__Description of the task__.
Reproduce word for word, from the entries below, the line with "We evaluated 99", the line with "Here is lesson", and every line between them, and nothing more.
─── Data records
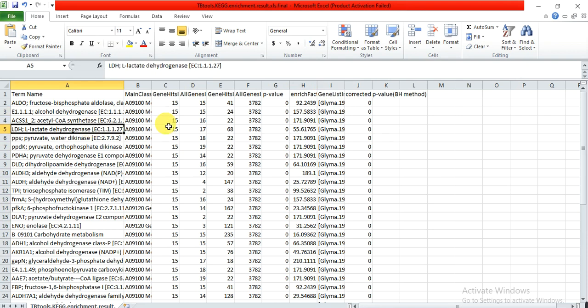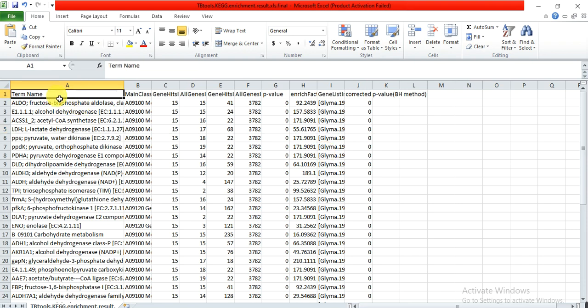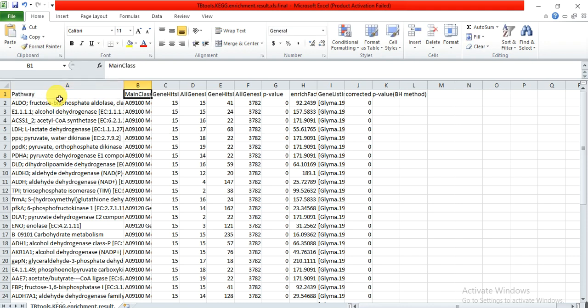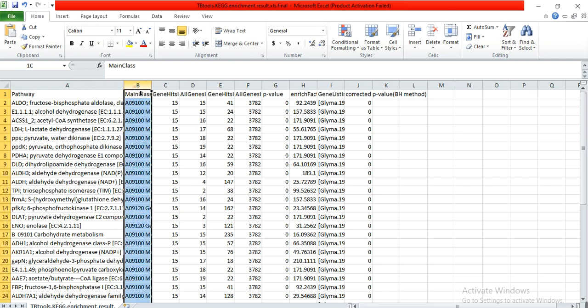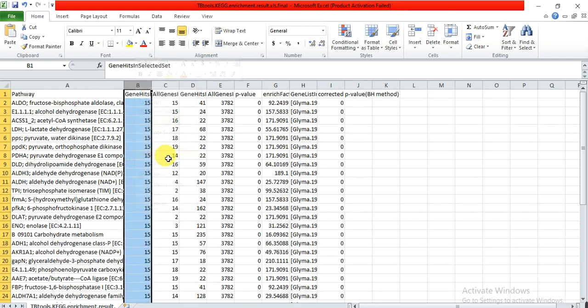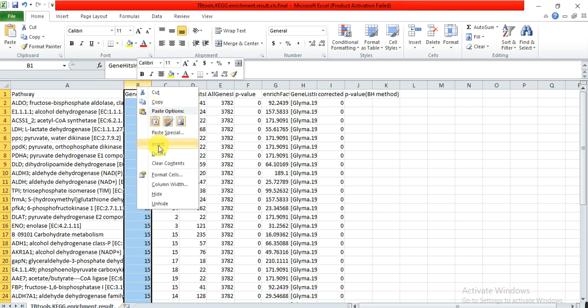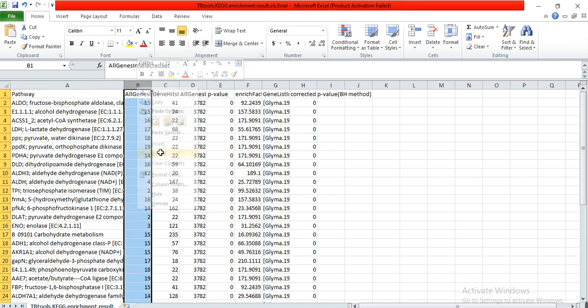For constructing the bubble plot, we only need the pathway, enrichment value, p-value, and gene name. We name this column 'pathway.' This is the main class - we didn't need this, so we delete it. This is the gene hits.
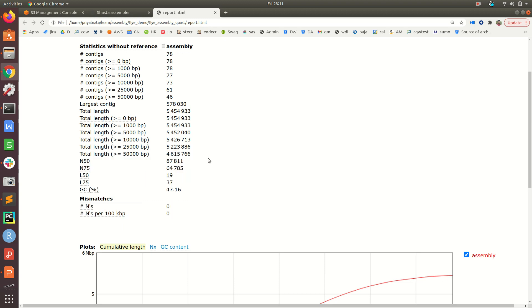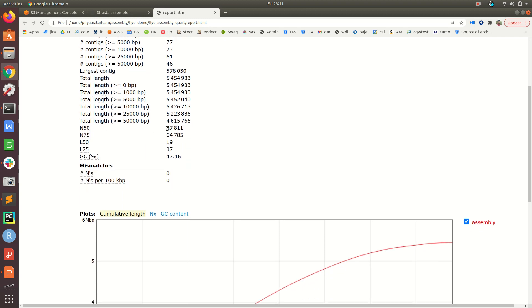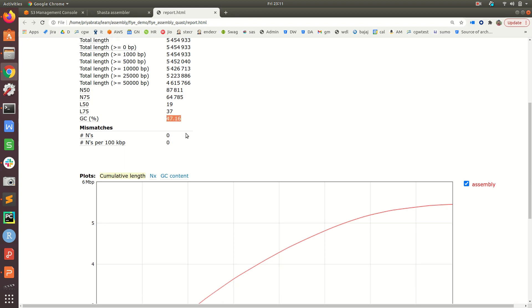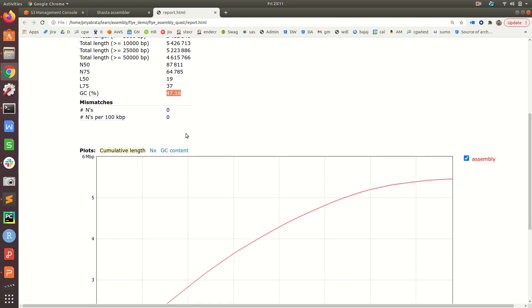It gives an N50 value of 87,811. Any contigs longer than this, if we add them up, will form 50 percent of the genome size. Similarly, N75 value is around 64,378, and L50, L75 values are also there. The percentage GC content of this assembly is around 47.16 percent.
──────
─── Data records
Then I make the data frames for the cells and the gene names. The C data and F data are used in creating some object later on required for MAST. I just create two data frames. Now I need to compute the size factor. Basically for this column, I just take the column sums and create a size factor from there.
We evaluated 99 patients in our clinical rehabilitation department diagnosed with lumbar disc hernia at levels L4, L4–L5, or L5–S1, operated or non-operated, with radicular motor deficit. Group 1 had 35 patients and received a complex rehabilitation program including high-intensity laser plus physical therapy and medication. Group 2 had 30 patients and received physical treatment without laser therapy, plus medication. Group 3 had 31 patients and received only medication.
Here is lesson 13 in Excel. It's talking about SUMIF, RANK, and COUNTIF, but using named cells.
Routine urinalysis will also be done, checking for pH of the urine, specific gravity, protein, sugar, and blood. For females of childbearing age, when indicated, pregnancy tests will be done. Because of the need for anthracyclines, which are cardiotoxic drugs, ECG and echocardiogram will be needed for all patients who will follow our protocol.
──────
__Result of this exercise__.
We evaluated 99 patients in our clinical rehabilitation department diagnosed with lumbar disc hernia at levels L4, L4–L5, or L5–S1, operated or non-operated, with radicular motor deficit. Group 1 had 35 patients and received a complex rehabilitation program including high-intensity laser plus physical therapy and medication. Group 2 had 30 patients and received physical treatment without laser therapy, plus medication. Group 3 had 31 patients and received only medication.
Here is lesson 13 in Excel. It's talking about SUMIF, RANK, and COUNTIF, but using named cells.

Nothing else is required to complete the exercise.